[What you need to do] In the entries below, find the line with "Kawaii Anime Neko" and the line with "Vīriešu pulkstenis /"; copy them and every line between them exactly, but not the pictures.
----- Source information -----
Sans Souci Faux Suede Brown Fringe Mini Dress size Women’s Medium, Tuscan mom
-----
----- Source information -----
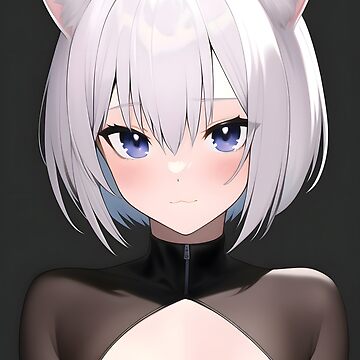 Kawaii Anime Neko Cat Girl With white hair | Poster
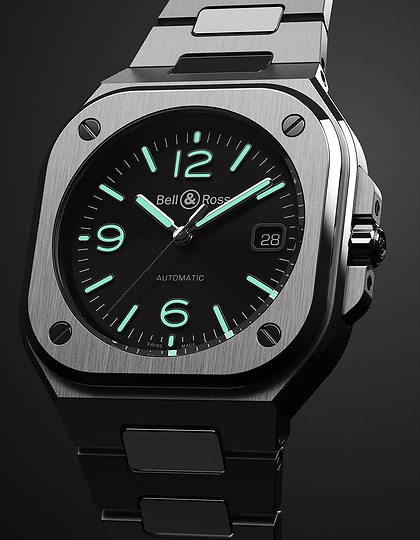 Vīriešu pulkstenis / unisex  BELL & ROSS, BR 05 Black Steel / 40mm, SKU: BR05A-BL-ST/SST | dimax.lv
-----
----- Source information -----
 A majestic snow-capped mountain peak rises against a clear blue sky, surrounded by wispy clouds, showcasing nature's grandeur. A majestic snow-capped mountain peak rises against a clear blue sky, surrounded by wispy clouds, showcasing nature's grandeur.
-----
[Task response]
 Kawaii Anime Neko Cat Girl With white hair | Poster
 Vīriešu pulkstenis / unisex  BELL & ROSS, BR 05 Black Steel / 40mm, SKU: BR05A-BL-ST/SST | dimax.lv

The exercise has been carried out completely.